Sunday, April 20, 2008

Let's Get Negative, But Stay Real

I'm a little disgusted with the Democratic party, after reading this article from CNN. Apparently the Dems are attacking each other for being too negative, which would be fine and dandy - a valid criticism - if said negativity were limited to the slinging of irrelevant mud. But this really, really bothers me: Clinton, complaining about one of Obama's "negative" ads, said,

I just heard that my opponent has put out an ad attacking my health care plan...

Wait a minute, isn't that what they're supposed to be attacking, criticizing, and debating? How can we, the voters, possibly make an educated choice about a candidate if an attack on one of the most relevant issues of this election is viewed as taboo "negative campaigning?"

Wednesday, April 2, 2008

Take your 5-Year Plan And...

You can try to control your life, and plan it out as meticulously as you do a Power Point presentation, or you can simply let life present itself to you, and you make the decisions as they come.
I ran across those words this morning, and it struck me that we're conditioned to believe that planning is better, in spite of the fact that plans inevitably go awry, and Plan A becomes Plan B becomes Plan C. Result?

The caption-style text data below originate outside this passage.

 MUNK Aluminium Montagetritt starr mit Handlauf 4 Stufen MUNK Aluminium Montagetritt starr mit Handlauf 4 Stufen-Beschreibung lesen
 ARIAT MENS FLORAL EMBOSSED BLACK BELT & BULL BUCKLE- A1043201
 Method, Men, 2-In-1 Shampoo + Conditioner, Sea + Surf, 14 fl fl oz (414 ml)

We feel like we failed because life steered us away from Plan A.

I've never been one for 5-year plans. I sometimes make 2-year plans, but even those end up being rearranged quite a bit. Two years ago, I thought I'd have a lot more freelance work coming my way, by now, than I actually do. My two-year plan said that if I wasn't making a good salary by now, I'd go back to a "regular" job. According to that plan, I have failed. But it doesn't make any sense at all to throw in the towel. I've learned a lot, and am still learning. I'm more hire-able than I was, in fields I'm interested in. I'm a better artist, a better programmer, and (I think) a better friend than I was. I know more people. I've seen and done more. My bank account is still in the black.

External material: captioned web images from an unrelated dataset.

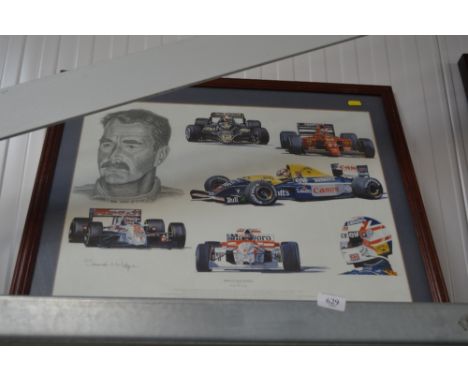 A framed print entitled "Tribute to Nigel Mansell"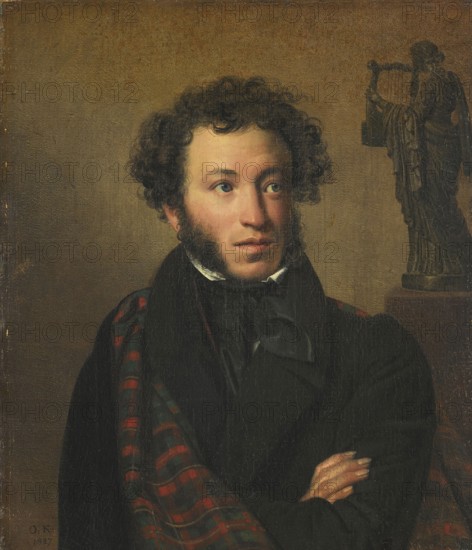Alexander Pushkin (1799-1837), painting by Orest Kiprensky from 1827, Russian writer, historical Russia. Pushkin is regarded by most of his compatriots as the Russian national poet - far ahead of all others such as Tolstoy, Dostoevsky or Gogol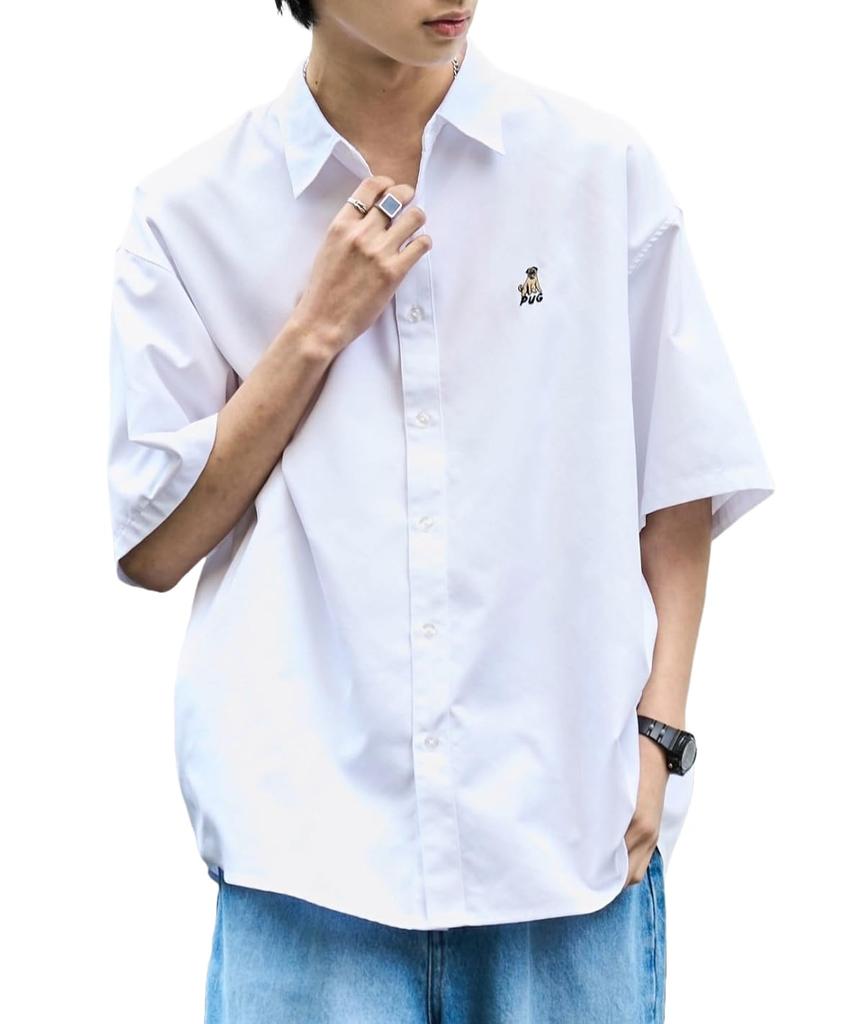 WEGO Short Sleeve Easy Short Sleeve Summer Oversized Loose Oversized Size White Men's Shirt, Care, One-Point Shirt, Top, Clothing, Shirt, Fit,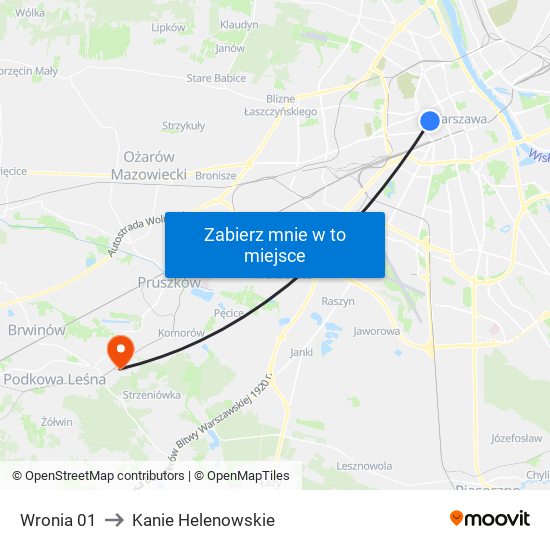 Wronia to Kanie Helenowskie map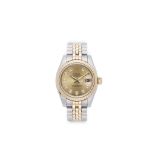 A LADY'S BI-METALLIC OYSTER PERPETUAL DATEJUST WRISTWATCH, BY ROLEX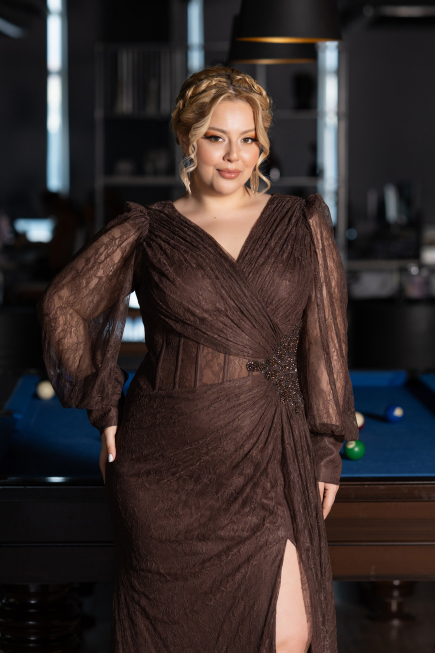Long Brown Dantelle Plus Size Evening Gown ABU6283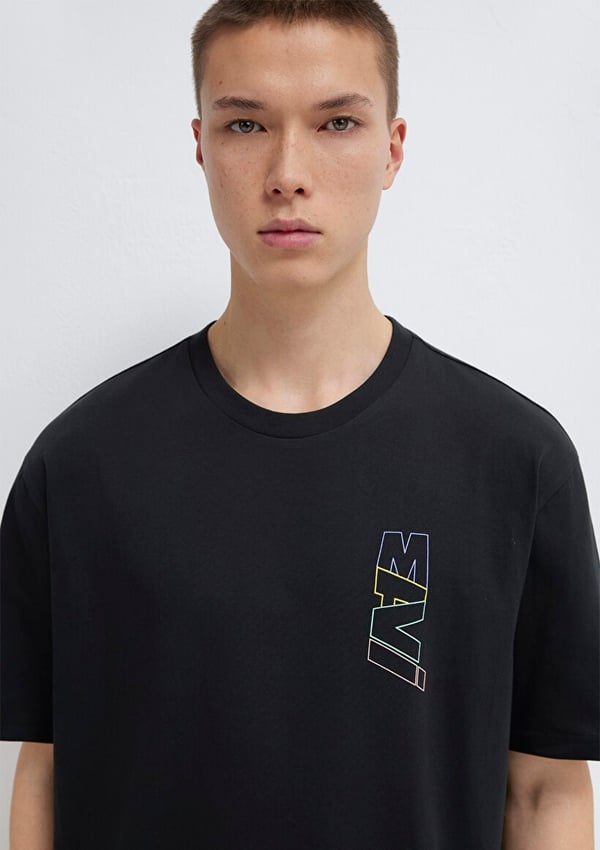 Mavi MAVİ BASKILI TİŞÖRT Siyah Siyah Erkek T-Shirt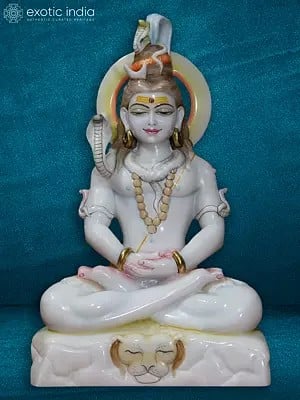 18" Shiva Engaged In Penance | White Makrana Marble Figurine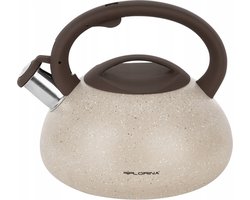 Florina Lava fluitketel RVS met steen coating 2,5L voor alle warmtebronnen - Waterketel - Waterkoker - Cool touch handvat - Bruin / beige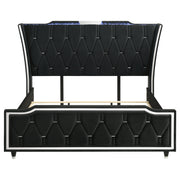 Lorient Eastern King LED Upholstered Bed Black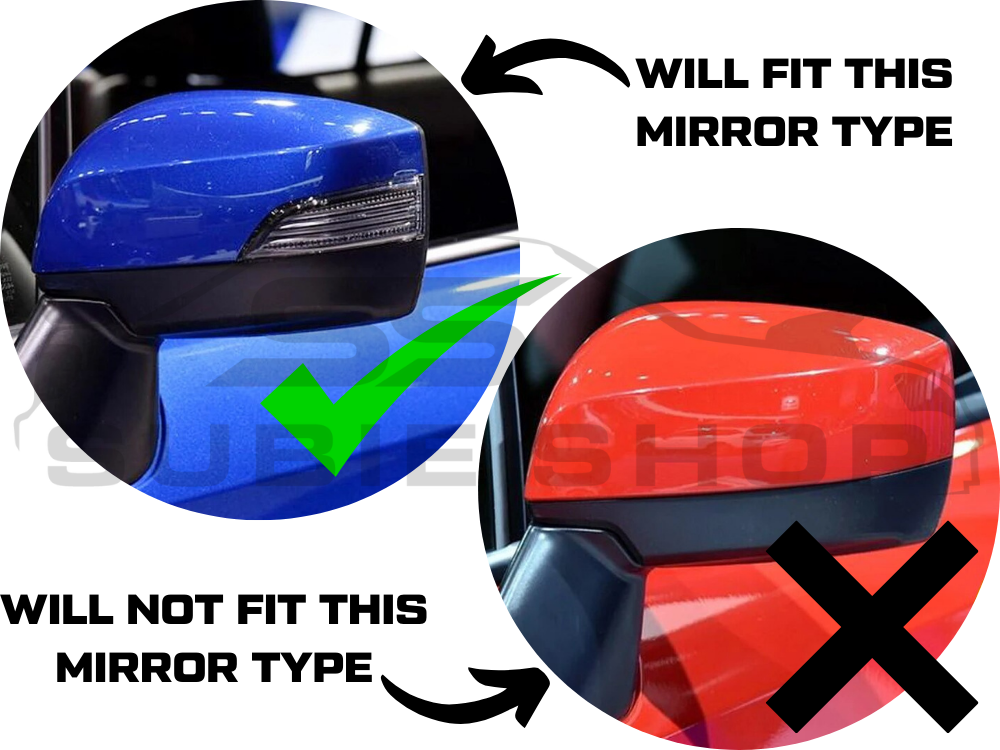 Carbon Fiber Side Mirror Covers Overlays For 15-21 Subaru WRX STi / 15-19 Levorg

How, by any definition, can that be considered failure? If anything, it is the plan that failed.

Goals are helpful. Plans, not so much. I have goals to learn ActionScript, enjoy life, not go broke, and most recently, learn to play the cello. Two years ago, I'd have said that ActionScript would be a waste of time, because people don't like plugins and Flash isn't search-engine friendly. I hadn't even imagined that I'd want to play the cello, nor that I could live comfortably on less than $20,000 a year.

Everything changes.


What's around the corner? Who knows! Do I want to pour time and energy into plans that no longer apply, when circumstances change? Absolutely not. I'd much rather just make my decisions as they come, with a rational long-term view in mind. Goals like don't go broke, keep learning, get to know people - those will help in any situation. Today, I'll solve today's problems, and make today's decisions.

Sufficient unto today is the evil thereof.